## EXERCISE DATA
= = = = =

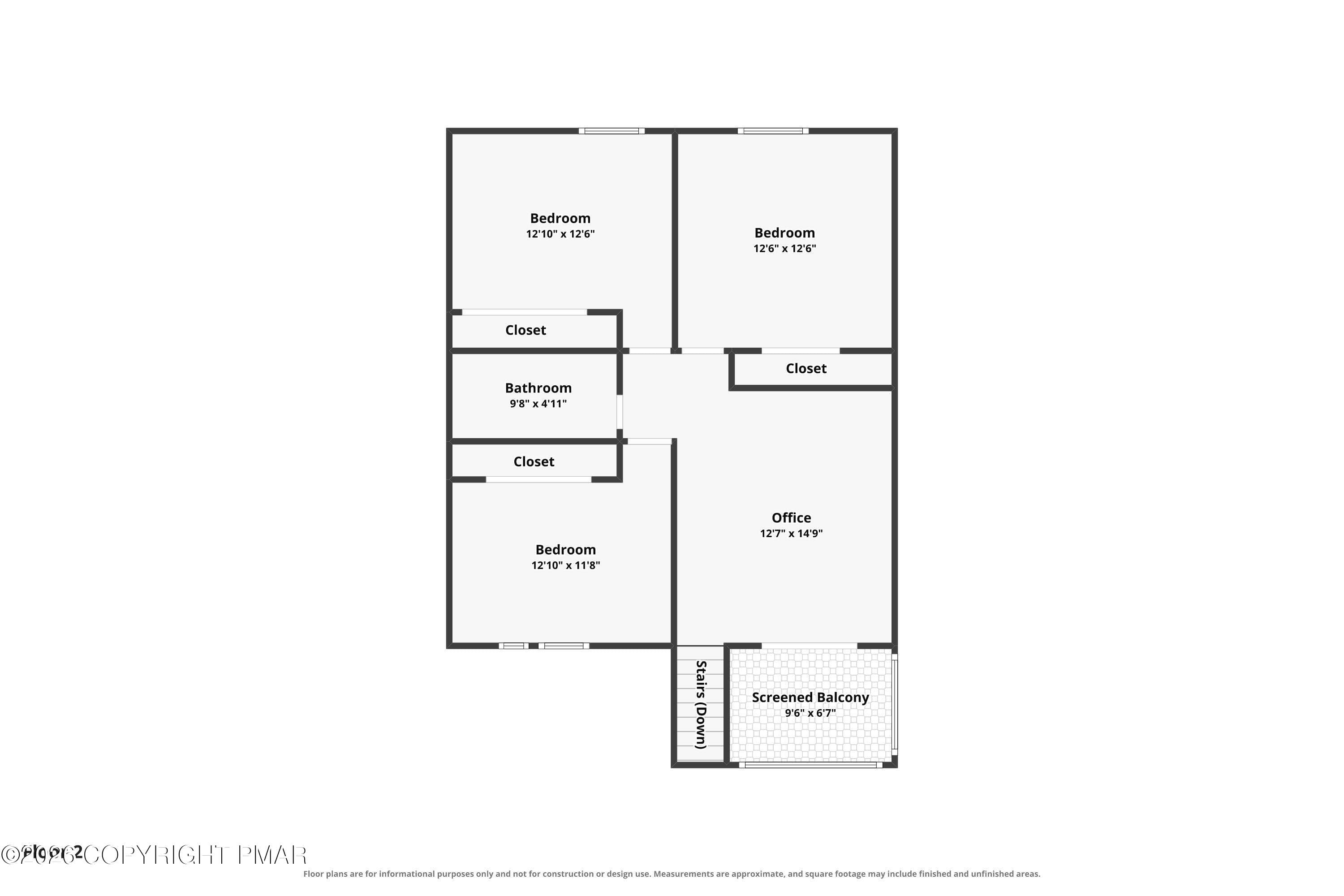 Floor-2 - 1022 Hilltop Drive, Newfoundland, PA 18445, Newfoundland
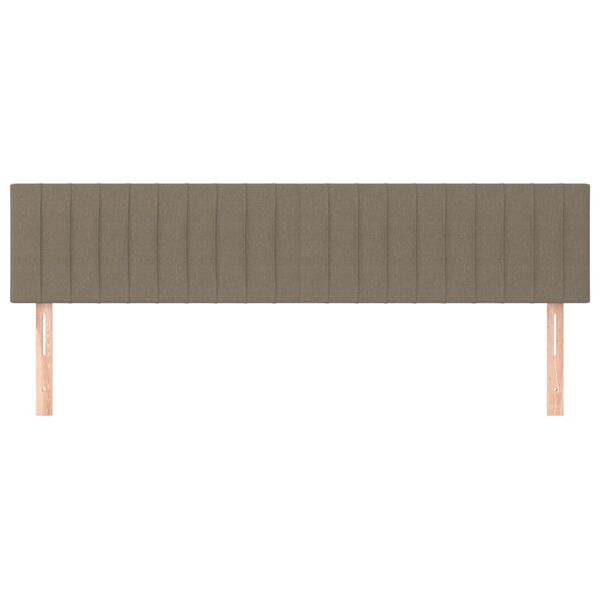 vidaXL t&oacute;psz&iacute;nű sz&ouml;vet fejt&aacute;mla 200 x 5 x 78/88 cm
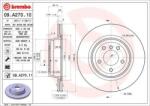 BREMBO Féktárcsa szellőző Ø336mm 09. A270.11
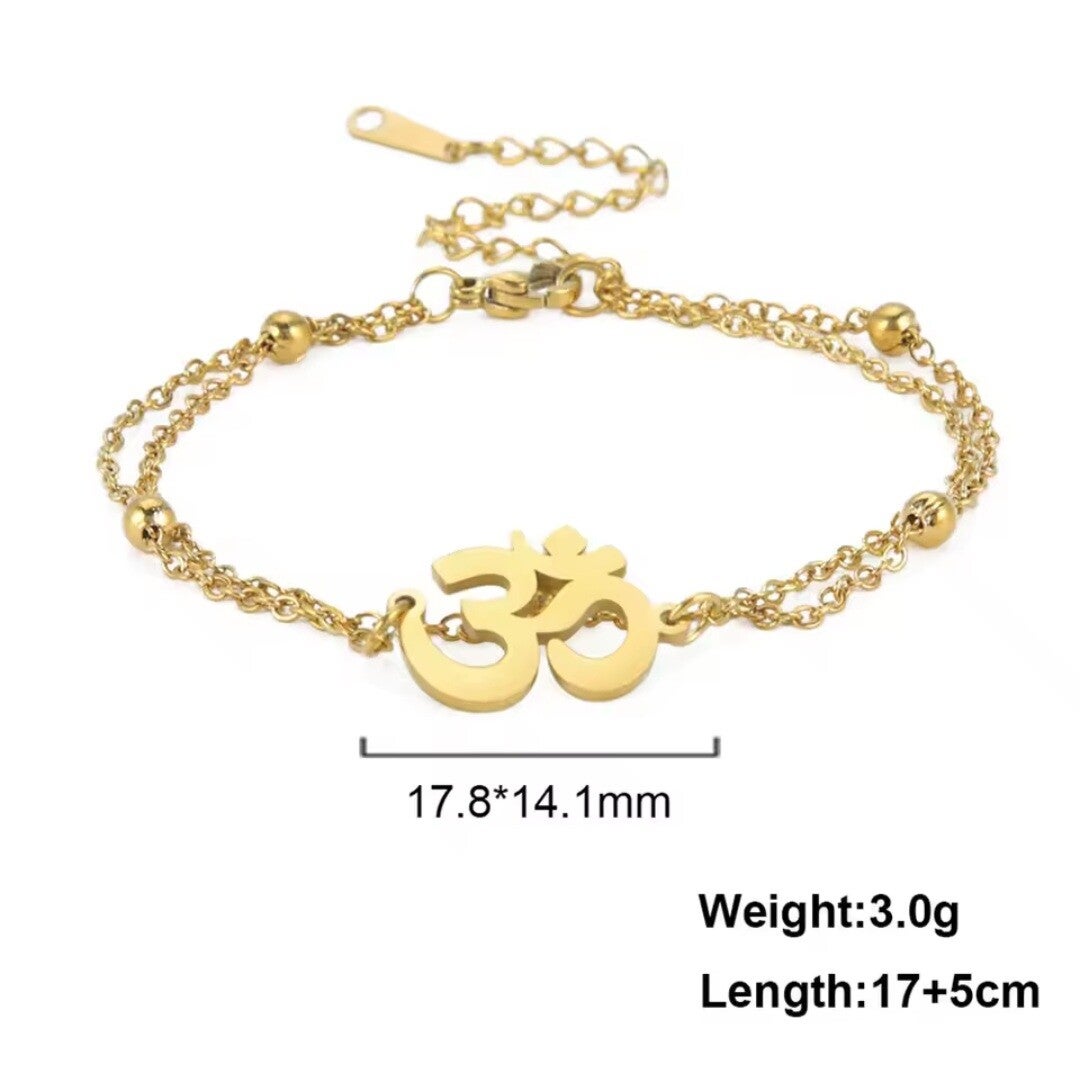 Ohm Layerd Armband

= = = = =

## REQUIREMENT
What you need to retype is every line from the one that has "vidaXL t&oacute;psz&iacute;nű sz&ouml;vet" through the last line of the listing, both included, with the pictures left out.

## SOLUTION FOR THIS EXERCISE
 vidaXL t&oacute;psz&iacute;nű sz&ouml;vet fejt&aacute;mla 200 x 5 x 78/88 cm
 BREMBO Féktárcsa szellőző Ø336mm 09. A270.11
 Ohm Layerd Armband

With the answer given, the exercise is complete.